RECORDED DATA START

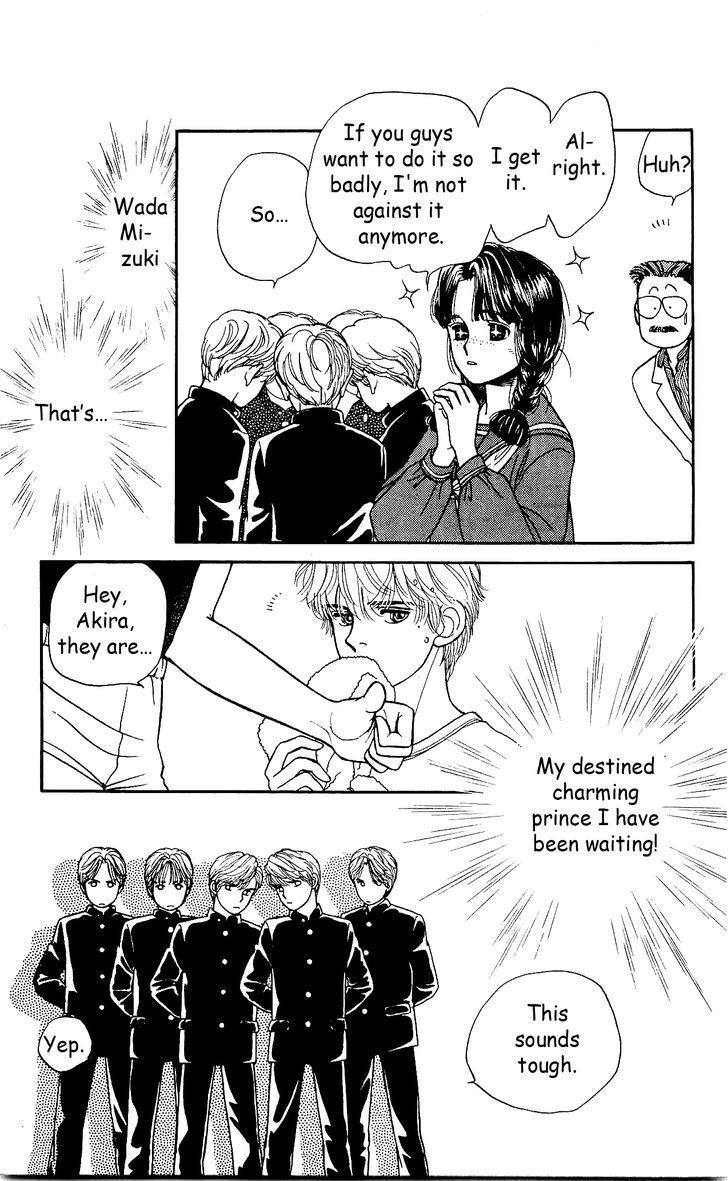 Hajime-chan ga Ichiban! Chapter 2 page 24 - Chapter 2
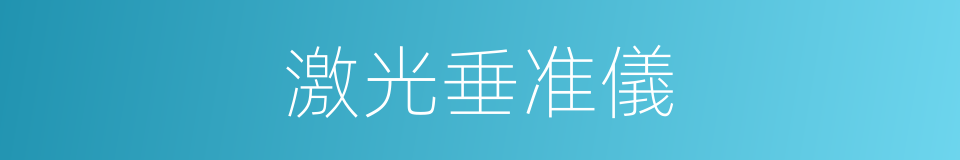 激光垂准儀的同義詞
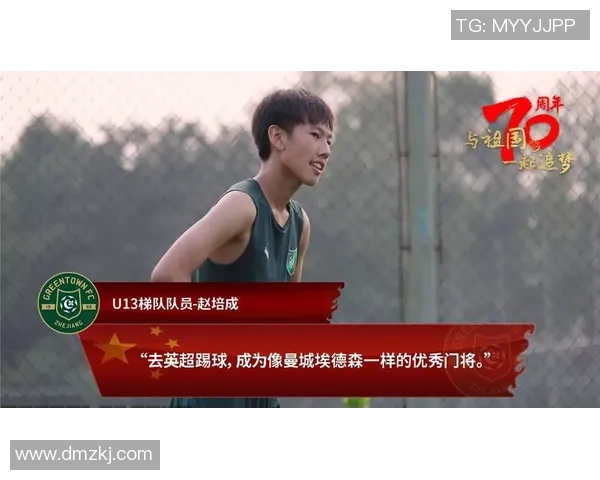 足球赵延：从草根到顶尖球员的奋斗历程与梦想追逐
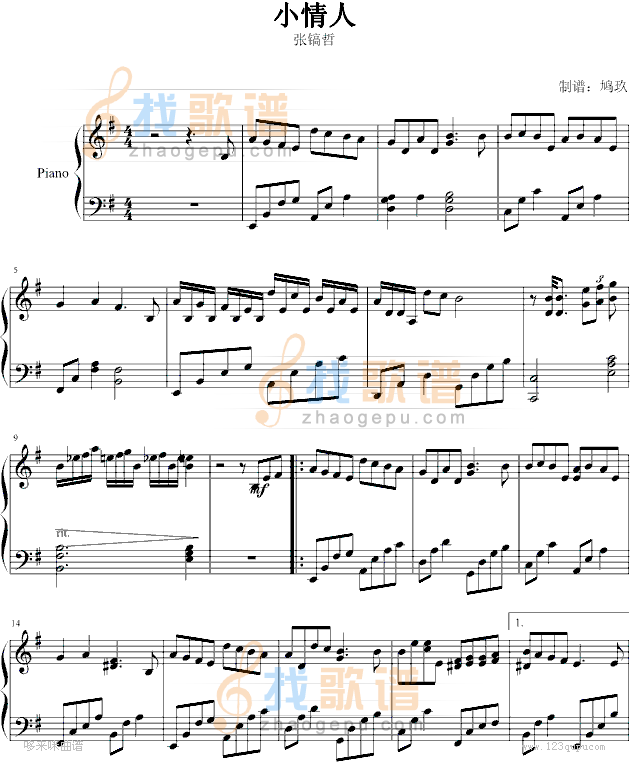 小情人-张镐哲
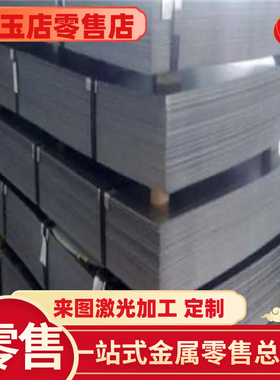 ZStE340冷轧钢B240ZK深冲拉伸钢板SPCC-8D汽车钢HC180Y冷轧带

RECORDED DATA END

PROBLEM REQUIREMENTS
All entries above must be duplicated exactly; please omit any picture they hold.

RESULT FOR THIS EXERCISE
 Hajime-chan ga Ichiban! Chapter 2 page 24 - Chapter 2
 激光垂准儀的同義詞
 足球赵延：从草根到顶尖球员的奋斗历程与梦想追逐
 小情人-张镐哲
 ZStE340冷轧钢B240ZK深冲拉伸钢板SPCC-8D汽车钢HC180Y冷轧带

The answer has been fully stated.